The sacred ritual of pumpkin carving

The Sacred Ritual of Pumpkin Carving

When I was a kid, carving pumpkins was one of the yearly rituals that marked the family calendar.

About a week before Halloween, Dad would come home with a pumpkin at least as big as a basketball, and on the night when we did the carving, Mom made us all snacks and made sure the kitchen table was covered with newspaper.

As with the Thanksgiving turkey, Dad did the carving.  First, he’d cut a hole in the top big enough for my sister and I to reach in and pull out the slimy seeds and stringy pumpkin guts.  We took our time at this task, playing with the innards and shaking them in each others’ face until Dad would tell us to knock it off so he could finish his job and relax.

With the pumpkin more or less hollowed out, Dad would take over and cut as gruesome a face as he could muster.  He had a talent for this sort of thing that would resurface years later in the form of beautiful wood carvings.

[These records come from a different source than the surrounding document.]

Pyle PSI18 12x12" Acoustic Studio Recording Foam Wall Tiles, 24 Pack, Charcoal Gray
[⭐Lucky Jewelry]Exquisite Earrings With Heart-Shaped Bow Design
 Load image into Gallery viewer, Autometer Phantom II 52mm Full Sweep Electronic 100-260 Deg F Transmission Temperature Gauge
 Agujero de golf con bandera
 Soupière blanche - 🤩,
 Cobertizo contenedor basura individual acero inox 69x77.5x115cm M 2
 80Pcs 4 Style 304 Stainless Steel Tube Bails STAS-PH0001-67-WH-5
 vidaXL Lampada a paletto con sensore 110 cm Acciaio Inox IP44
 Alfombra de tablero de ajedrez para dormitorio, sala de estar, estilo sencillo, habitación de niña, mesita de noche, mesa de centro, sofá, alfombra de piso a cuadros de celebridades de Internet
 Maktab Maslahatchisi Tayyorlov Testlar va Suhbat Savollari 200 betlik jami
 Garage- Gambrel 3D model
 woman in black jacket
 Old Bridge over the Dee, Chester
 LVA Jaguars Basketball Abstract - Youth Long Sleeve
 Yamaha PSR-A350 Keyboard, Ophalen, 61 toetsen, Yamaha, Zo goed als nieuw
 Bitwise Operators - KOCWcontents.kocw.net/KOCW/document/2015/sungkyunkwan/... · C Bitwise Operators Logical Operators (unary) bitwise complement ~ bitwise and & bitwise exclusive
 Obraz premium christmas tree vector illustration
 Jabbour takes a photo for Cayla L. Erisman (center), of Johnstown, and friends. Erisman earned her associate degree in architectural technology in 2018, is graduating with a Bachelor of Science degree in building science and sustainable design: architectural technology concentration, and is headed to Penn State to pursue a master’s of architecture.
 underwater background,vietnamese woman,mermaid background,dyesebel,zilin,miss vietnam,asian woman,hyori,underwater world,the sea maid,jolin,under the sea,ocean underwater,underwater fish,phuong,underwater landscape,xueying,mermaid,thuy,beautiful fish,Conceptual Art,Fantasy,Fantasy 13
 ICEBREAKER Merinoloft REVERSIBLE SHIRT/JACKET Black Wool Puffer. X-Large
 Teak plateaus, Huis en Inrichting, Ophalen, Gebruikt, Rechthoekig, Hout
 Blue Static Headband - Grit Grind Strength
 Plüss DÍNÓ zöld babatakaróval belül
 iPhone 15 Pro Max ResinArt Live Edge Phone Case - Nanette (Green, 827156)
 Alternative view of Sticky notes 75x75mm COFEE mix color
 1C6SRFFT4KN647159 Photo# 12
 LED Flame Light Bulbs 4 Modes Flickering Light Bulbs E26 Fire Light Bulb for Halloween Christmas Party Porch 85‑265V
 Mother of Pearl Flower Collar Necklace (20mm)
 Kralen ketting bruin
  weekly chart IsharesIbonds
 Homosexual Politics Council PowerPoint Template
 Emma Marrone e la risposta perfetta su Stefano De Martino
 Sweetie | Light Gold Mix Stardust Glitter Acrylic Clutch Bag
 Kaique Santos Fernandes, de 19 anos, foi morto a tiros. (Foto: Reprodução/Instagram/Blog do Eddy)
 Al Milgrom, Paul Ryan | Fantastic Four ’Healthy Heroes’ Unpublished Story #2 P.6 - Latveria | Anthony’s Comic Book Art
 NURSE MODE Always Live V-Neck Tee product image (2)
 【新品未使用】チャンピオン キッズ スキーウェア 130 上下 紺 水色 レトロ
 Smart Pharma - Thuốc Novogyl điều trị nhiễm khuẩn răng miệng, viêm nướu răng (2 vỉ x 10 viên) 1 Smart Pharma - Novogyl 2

There were never any happy or friendly jack-o’-lanterns at our house.  Slucher jack-o’-lanterns were like the gargoyles on a medieval cathedral, meant to scare away evil spirits, but as hideous as they were, they failed to make an impression on the marauding teenagers who roamed the neighborhood late at night, looking for pumpkins to smash.

Every year, the morning of November first meant waking to find the streets covered with the viscera and busted chunks of every single pumpkin in the neighborhood that had been left out.  It was pumpkin genocide.

And now, I’m the Dad.

Last weekend, I rounded up the kids for the ritual carving of the jack-o’-lanterns.  My wife was working, so I also handled the newspaper and the snacks.  Each of my three daughters had their own pumpkin, which ranged from small to large according to age.

We held to my parents’ script, except that I let the girls draw the faces they wanted me to carve.  Ferocity is absent from my front porch, and in its place are three happy-go-lucky jack-o’-lanterns that are more Santa’s helpers than Satan’s henchmen.

Just as seasonal rituals like pumpkin carving at Halloween were important to me and my sister when we were kids, so too are they important to my own children.  My girls have embraced and taken ownership of the rituals in our house, which provide a sense of rhythm and continuity to a household that can often seem chaotic and improvised.

As my family celebrates the special dates on our calendar – birthdays, holidays, and other special times – my hope is that the repeated observance of these milestones will accumulate and build a backlog of happy memories, shared in the form of stories frequently told.